> **What is needed**: Pick each line containing the word "about" out of the data below.
==============================
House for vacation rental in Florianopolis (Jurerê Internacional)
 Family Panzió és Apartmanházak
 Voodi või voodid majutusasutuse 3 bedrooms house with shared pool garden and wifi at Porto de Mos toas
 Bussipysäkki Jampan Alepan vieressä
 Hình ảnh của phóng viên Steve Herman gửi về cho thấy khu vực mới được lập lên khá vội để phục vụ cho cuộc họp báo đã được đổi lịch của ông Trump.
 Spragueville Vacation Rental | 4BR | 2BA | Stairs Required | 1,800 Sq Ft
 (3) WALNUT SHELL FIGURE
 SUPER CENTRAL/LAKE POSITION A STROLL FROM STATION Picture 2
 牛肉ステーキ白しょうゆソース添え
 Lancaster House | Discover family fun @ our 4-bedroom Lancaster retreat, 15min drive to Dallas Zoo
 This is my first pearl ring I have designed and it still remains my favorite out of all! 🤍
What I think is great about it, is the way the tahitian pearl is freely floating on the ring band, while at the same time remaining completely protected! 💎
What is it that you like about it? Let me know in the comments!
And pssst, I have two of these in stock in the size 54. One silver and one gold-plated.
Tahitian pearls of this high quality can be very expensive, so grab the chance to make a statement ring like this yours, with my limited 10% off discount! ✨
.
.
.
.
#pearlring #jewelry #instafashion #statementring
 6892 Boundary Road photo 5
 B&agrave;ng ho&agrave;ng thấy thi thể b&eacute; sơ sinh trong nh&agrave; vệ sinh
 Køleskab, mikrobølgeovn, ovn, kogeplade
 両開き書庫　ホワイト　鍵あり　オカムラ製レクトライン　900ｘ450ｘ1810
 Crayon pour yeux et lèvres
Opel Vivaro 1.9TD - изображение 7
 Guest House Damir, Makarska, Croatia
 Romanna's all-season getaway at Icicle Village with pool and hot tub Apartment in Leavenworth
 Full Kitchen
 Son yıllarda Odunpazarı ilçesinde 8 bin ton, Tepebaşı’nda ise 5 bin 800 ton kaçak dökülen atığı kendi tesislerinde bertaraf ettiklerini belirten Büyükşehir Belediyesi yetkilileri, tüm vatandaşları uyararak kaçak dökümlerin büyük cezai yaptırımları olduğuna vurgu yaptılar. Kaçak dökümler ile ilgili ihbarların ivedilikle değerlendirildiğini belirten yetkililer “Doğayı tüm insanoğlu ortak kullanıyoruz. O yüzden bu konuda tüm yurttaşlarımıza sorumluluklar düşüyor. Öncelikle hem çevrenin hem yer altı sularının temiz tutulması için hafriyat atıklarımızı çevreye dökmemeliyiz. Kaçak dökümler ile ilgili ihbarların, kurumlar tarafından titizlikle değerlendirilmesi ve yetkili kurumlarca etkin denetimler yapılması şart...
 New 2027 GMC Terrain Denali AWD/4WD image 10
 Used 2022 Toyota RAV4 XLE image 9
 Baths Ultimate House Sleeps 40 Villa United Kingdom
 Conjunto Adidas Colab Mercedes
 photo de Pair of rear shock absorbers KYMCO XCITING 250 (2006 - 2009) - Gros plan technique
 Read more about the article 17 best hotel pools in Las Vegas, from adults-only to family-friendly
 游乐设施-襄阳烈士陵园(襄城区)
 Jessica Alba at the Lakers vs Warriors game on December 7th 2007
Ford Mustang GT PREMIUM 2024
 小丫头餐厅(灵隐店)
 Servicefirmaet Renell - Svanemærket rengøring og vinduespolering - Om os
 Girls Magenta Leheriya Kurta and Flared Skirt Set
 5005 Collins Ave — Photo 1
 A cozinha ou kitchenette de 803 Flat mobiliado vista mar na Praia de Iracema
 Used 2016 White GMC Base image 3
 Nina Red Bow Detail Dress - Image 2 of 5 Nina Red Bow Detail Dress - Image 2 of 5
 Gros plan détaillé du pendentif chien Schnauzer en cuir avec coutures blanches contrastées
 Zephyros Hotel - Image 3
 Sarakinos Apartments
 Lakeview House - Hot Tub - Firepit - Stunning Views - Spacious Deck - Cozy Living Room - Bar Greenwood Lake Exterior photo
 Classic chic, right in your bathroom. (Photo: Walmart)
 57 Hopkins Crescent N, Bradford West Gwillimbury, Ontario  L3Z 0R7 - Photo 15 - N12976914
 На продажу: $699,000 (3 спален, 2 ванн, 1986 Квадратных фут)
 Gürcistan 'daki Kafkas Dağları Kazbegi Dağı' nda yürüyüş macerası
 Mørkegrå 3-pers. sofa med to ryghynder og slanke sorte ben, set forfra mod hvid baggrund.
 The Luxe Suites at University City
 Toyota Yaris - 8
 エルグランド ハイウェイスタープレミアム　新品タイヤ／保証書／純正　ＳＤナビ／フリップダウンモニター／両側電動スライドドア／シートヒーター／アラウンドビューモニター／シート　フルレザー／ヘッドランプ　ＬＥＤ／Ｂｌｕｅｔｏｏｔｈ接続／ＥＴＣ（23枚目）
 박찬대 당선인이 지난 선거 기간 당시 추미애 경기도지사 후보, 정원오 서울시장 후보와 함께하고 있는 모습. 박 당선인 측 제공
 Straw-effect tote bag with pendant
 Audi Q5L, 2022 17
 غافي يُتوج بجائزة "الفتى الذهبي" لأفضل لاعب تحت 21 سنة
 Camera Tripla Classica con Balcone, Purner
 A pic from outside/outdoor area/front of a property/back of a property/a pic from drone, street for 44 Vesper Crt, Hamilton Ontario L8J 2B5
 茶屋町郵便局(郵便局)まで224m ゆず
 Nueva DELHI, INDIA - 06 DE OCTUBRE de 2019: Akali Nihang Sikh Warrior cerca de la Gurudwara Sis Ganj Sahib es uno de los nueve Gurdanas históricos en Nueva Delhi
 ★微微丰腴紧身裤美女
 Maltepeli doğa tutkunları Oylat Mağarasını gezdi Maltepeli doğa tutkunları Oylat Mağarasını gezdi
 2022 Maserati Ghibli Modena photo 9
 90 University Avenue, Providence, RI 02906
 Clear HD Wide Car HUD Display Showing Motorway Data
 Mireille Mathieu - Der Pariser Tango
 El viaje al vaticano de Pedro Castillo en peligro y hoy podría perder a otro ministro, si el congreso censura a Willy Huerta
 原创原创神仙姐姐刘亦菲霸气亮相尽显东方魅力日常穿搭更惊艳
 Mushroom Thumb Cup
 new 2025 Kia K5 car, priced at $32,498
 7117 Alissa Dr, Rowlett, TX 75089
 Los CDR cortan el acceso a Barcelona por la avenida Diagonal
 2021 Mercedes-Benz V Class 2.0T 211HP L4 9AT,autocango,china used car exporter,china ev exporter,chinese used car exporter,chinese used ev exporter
==============================
> **Finished task**:
What I think is great about it, is the way the tahitian pearl is freely floating on the ring band, while at the same time remaining completely protected! 💎
What is it that you like about it? Let me know in the comments!
 Read more about the article 17 best hotel pools in Las Vegas, from adults-only to family-friendly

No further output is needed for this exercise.